- Directions for this task: All of the entries need to be printed again exactly; pictures are the only thing to omit.

- Excerpted records:

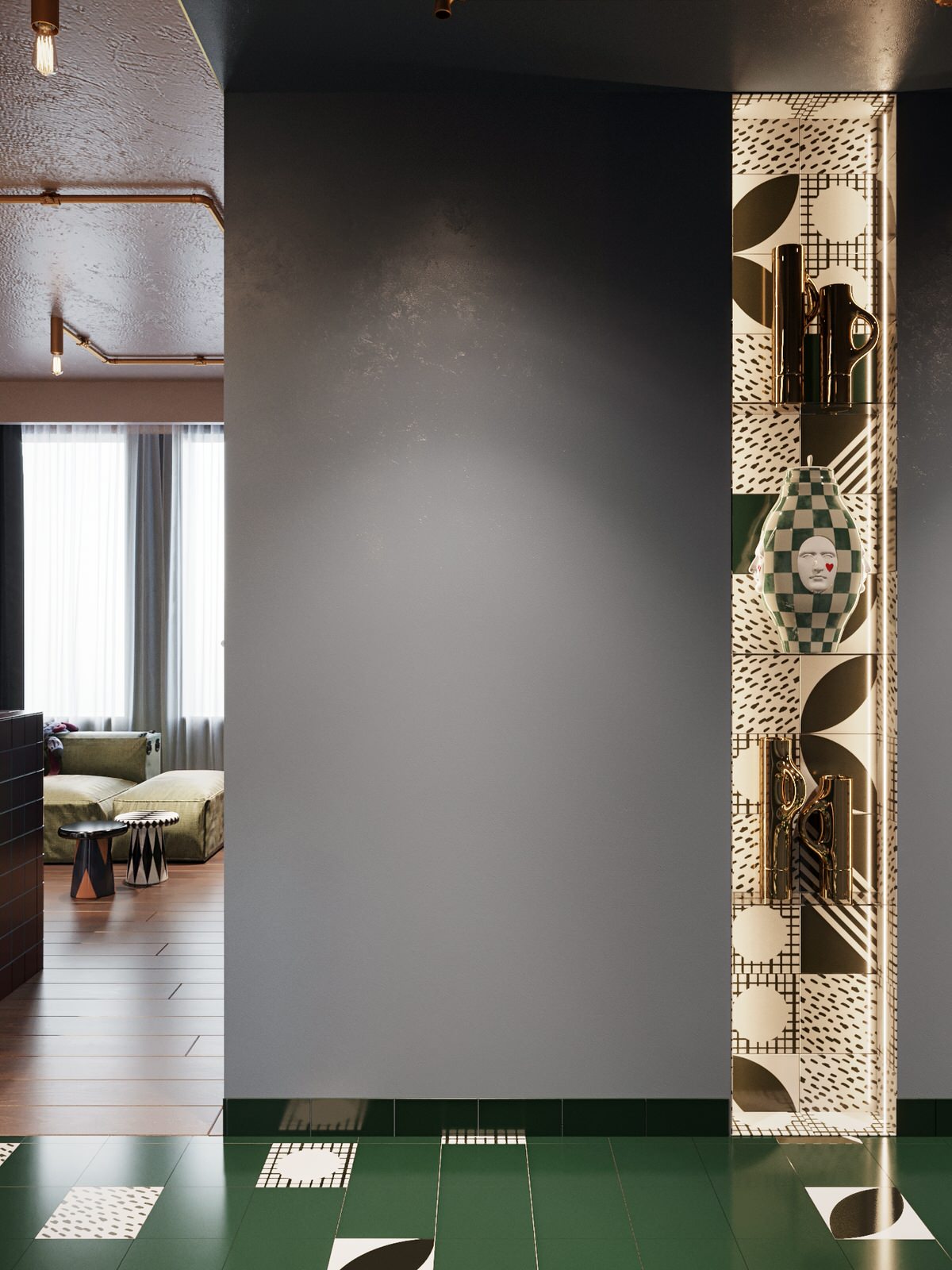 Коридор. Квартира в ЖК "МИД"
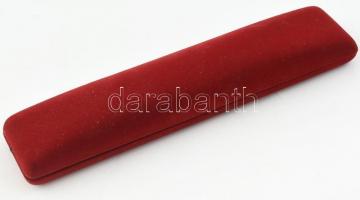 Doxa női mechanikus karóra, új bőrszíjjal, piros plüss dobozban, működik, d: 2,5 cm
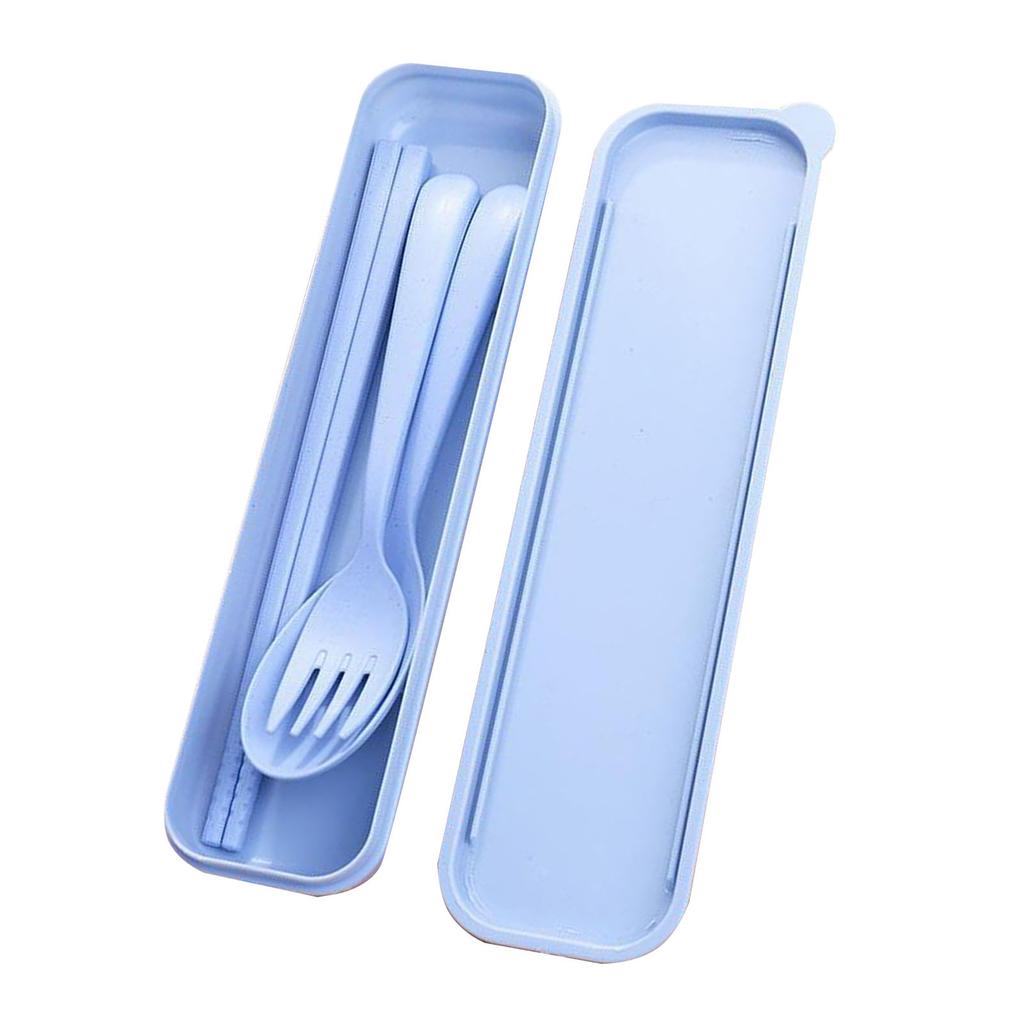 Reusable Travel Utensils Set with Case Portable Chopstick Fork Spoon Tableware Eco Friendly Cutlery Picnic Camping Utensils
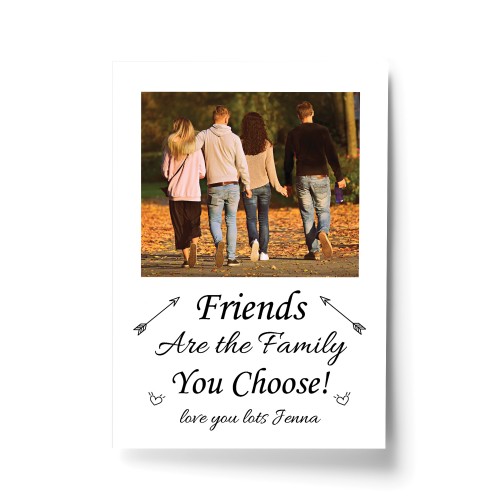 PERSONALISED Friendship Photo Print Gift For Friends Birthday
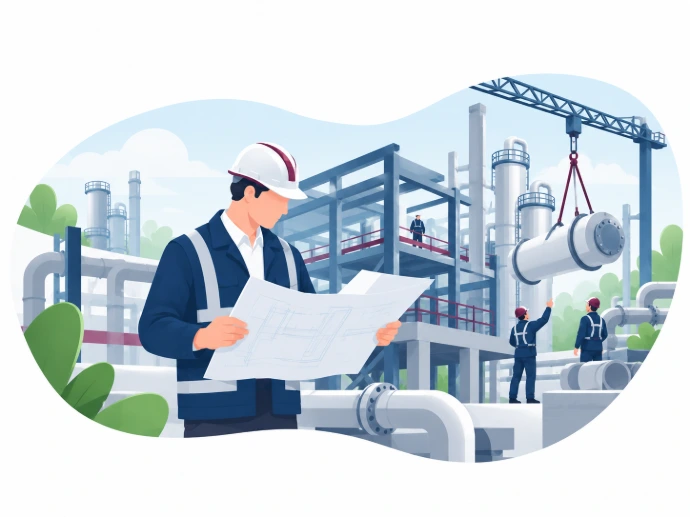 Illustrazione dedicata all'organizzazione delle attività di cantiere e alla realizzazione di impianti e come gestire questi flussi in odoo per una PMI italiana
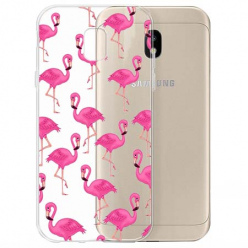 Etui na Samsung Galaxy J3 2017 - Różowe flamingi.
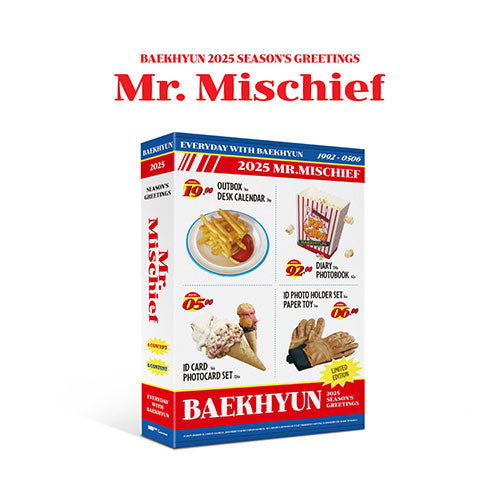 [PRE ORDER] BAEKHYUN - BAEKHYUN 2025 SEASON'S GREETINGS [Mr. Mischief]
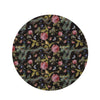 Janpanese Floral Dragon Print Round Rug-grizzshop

- Task response:
 Коридор. Квартира в ЖК "МИД"
 Doxa női mechanikus karóra, új bőrszíjjal, piros plüss dobozban, működik, d: 2,5 cm
 Reusable Travel Utensils Set with Case Portable Chopstick Fork Spoon Tableware Eco Friendly Cutlery Picnic Camping Utensils
 PERSONALISED Friendship Photo Print Gift For Friends Birthday
 Illustrazione dedicata all'organizzazione delle attività di cantiere e alla realizzazione di impianti e come gestire questi flussi in odoo per una PMI italiana
 Etui na Samsung Galaxy J3 2017 - Różowe flamingi.
 [PRE ORDER] BAEKHYUN - BAEKHYUN 2025 SEASON'S GREETINGS [Mr. Mischief]
 Janpanese Floral Dragon Print Round Rug-grizzshop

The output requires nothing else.